As Nancy Bjerkman prepared to retire as president last year, the family decided it was time to look for outside leadership. It was a quick, unanimous decision.

“Our goal is to get to a fifth generation,” said Schultz. “The industry is changing, and we were looking for someone with an outside perspective.”

The family has seven children in the fifth generation of possible future owners, but “ownership is not a birthright,” Schultz said.

Ron Lloyd served as CEO for just two months before resigning. The current CEO, Keith Richards, took the helm in January.

Expanded product line

Today, Corwin Beverage employs about 130 people, 90 of whom are members of the International Brotherhood of Teamsters, a union of professional drivers. In the past two years, Corwin has expanded its product list to include snacks such as nuts and jerky. Although its Pepsi products are limited to the original service area, the company has expanded its snack and other beverage delivery into Northwest Oregon.
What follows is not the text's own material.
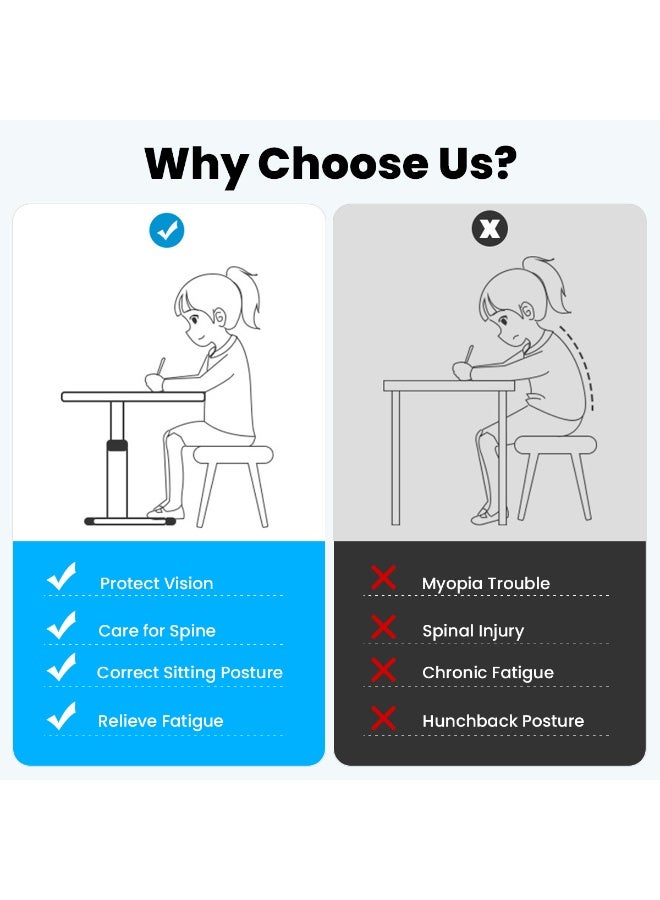 جورونب مكتب قائم قابل للتعديل يدويًا، مكتب قابل لتعديل الارتفاع للجلوس/الوقوف، محطة عمل متينة قائمة، طاولة كمبيوتر، مساحة عمل، مكتب منزلي، دراسة، ومساحات صغيرة (أبيض، 80 × 40 × 90 سم) - Image 5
The company has managed to thrive despite a national decline in soda consumption, in part due to campaigns against sugary beverages. In 2015, revenue was up 6.7 percent over the previous year, and the company remains the leading nonalcoholic beverage supplier for Wal-Mart and Safeway in its four-county service area.

The company is still adjusting to a changing demographic. The fact is, today’s consumers are less likely to feel bound to one brand.

“Millennials are a lot less brand loyal than previous generations,” said Erik Bjerkman.

The company has to be strategic, according to Courtney Barker, a fourth-generation family owner, by adjusting its portfolio to ensure drinks that appeal to changing tastes.

The family members are being strategic, as well. All five are transitioning out of their day-to-day roles with the company, though they remain involved as owners and as members of the industry. Schultz is president of the Washington Beverage Association.

The three younger owners — Schultz, Barker and Erik Bjerkman — are also focused on a new startup with a familiar name: Kendall’s Pioneer Distributing. That business operates out of the old Kelso warehouse and focuses on locally made craft beer, wine and spirits.

Duane Stanford, editor of Beverage Digest, a trade magazine, said it’s unusual for soda distributors to wade into the beer and wine business.

“For a time, soft drinks were growing, and there was so much velocity that you didn’t need to think about other products, you could focus on efficiency. But as soft drinks (consumption) have declined, one of the areas that has grown is craft beer, so I think you’re going to see more beer and soft drinks coming together.

“In that sense,” Stanford said, “this family is on the forefront.”